Os pesquisadores submeteram as amostras da múmia a uma bateria de testes, extraindo os componentes químicos exatos da antiga receita embalsamadora. Eles descobriram que a base do unguento era de óleo vegetal posteriormente misturado com goma vegetal e extratos vegetais aromáticos. Os últimos dois ingredientes têm grande importância, pois evitam o crescimento microbiano.
Os componentes da pasta não somente se assemelham com aqueles utilizados milhares de anos depois no Egito, mas também possuem similaridade impressionante com os compostos químicos do unguento que os pesquisadores identificaram nos invólucros da múmia pré-histórica.
“A nossa pesquisa anterior sem dúvidas está confirmada”, afirma Jones.
Em posição quase sempre curvada e com os órgãos ainda dentro de seus corpos enrugados, as múmias pré-históricas são bem diferentes das múmias clássicas sepultadas que imaginamos ao pensar no Egito. Mas a ideia básica por trás do unguento embalsamador é a mesma.
O bálsamo formava “um tipo de pasta marrom grudenta”, esclarece Jones. As faixas eram mergulhadas antes de passar o invólucro ou o embalsamador aplicava diretamente a pasta no corpo. Em seguida, a múmia era posicionada na areia quente para que uma combinação do sol escaldante com os conservantes do bálsamo mantivesse o corpo seguro.
Posteriormente, as múmias “clássicas” eram deitadas na posição reta e sepultadas em tumbas longe dos raios solares. Por isso, explica Buckley, os embalsamadores tinham que tomar outras providências, como remover o cérebro e outros órgãos, bem como dessecar o corpo com um tipo de sal chamado natrão.
Recomposição da receita
O estudo também sugere que as práticas de embalsamento antigas eram muito mais disseminadas do que se imaginava. Os invólucros analisados no estudo anterior são provenientes de uma parte do Egito que fica algumas centenas de quilômetros ao norte do local onde a múmia de Turim provavelmente estava preservada.

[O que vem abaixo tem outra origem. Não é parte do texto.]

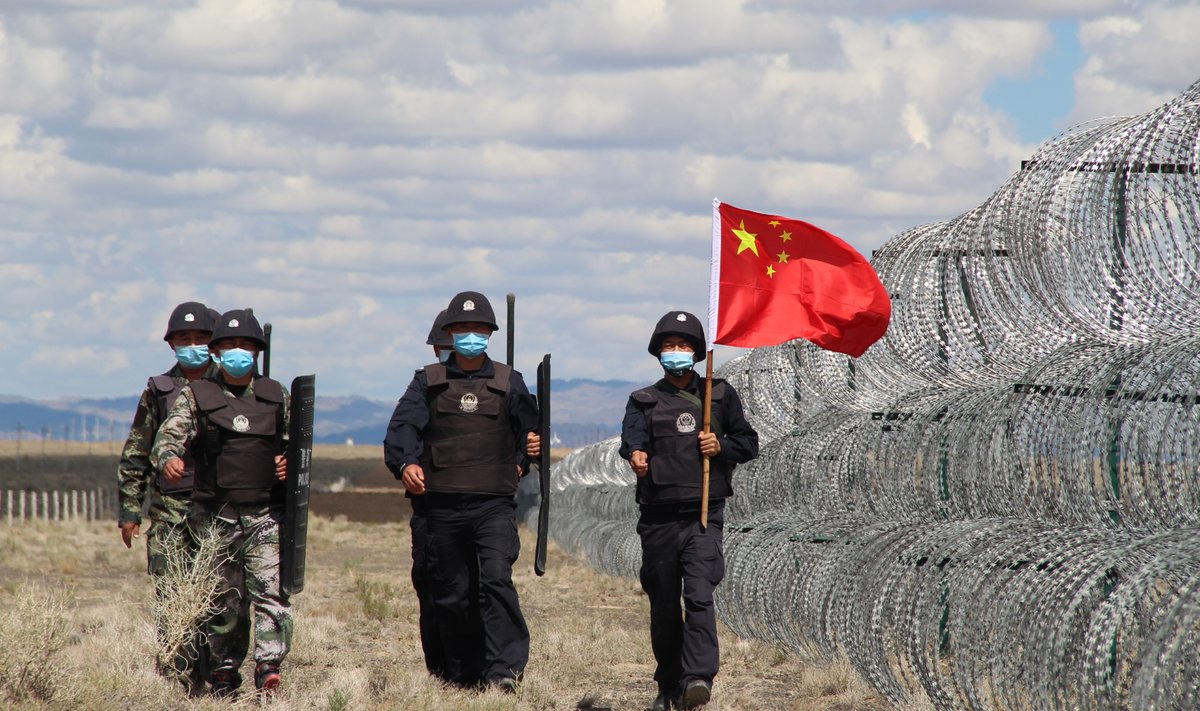 Hiina politsei patrullis möödunud nädala lõpul Xinjiangis. Uiguuridega ümberkäimine on tõmmanud Pekingile rahvusvahelise kogukonna kriitika.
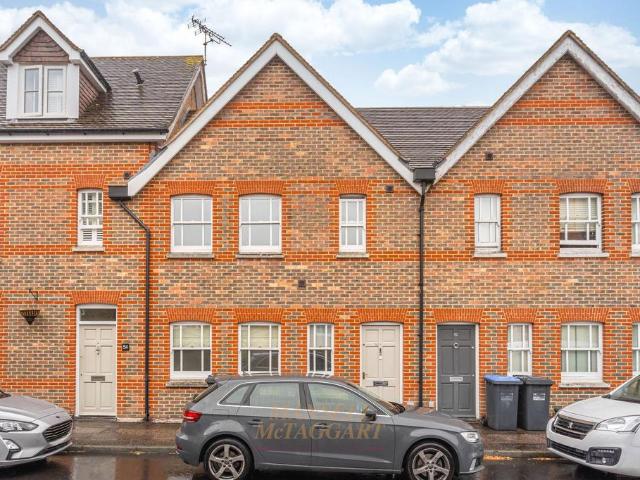 Portland Road, East Grinstead RH19 3 bed terraced house to rent £1,800 pcm £415 pw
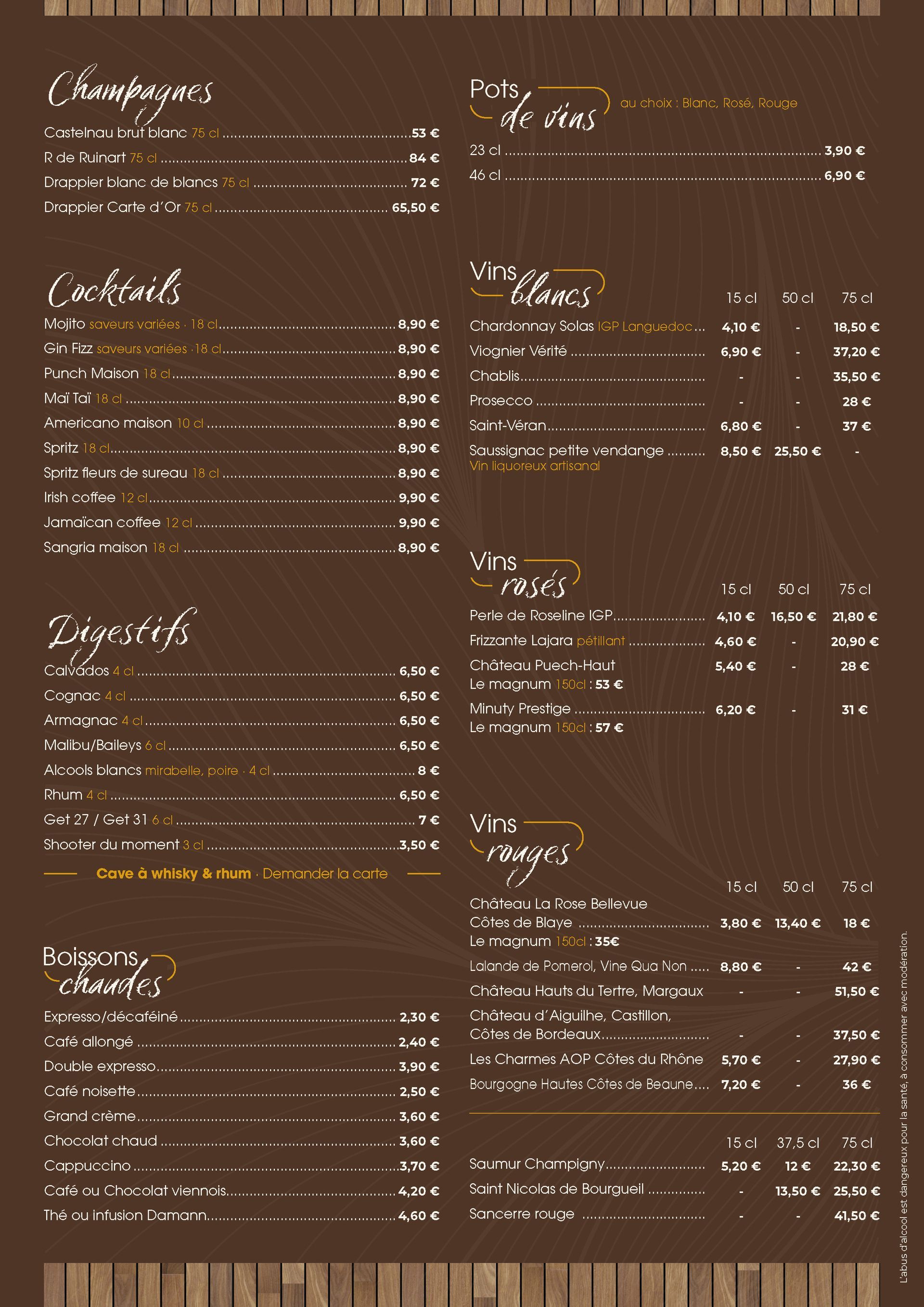 Menu avec fond marron foncé et texte doré. Catégories : boissons et plats.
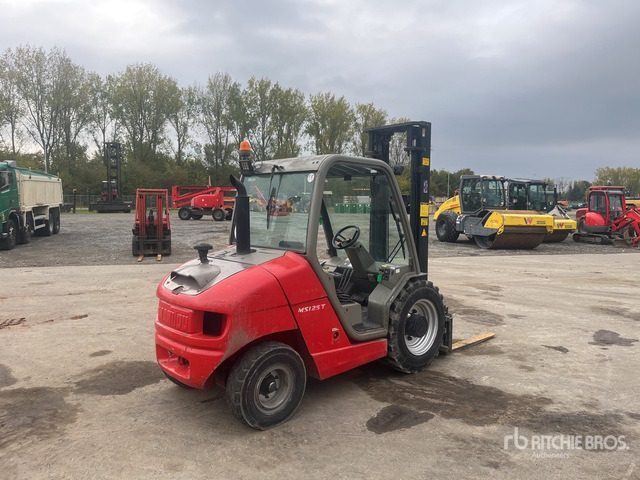 2010 Manitou MSI 25 T 2500 kg 4x2 Rough Terrain Forklift - Ngarkues me pirun për terren të ashpër: foto 4 2010 Manitou MSI 25 T 2500 kg 4x2 Rough Terrain Forklift - Ngarkues me pirun për terren të ashpër: foto 4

Então como os egípcios antigos descobriram a receita há tanto tempo?
“Alguns desses ingredientes provavelmente tinham um significado simbólico no início”, especula Buckley. “Mas depois perceberam que eles tinham um benefício conservante.” A equipe está atualmente estudando os locais de experimentação antiga dos ingredientes embalsamadores, conta Buckley, insinuando uma publicação futura.
Ronn Wade, diretor aposentado do departamento de serviços de anatomia da Universidade de Maryland, elogiou o novo estudo por sua meticulosidade. Em 1994, Wade repetiu o processo de mumificação egípcia em um humano moderno por meio de financiamento concedido pela National Geographic.
“Eu gostaria de ter recebido essas informações quando estávamos fazendo a nossa múmia”, conta ele. “Isso teria sido interessante”.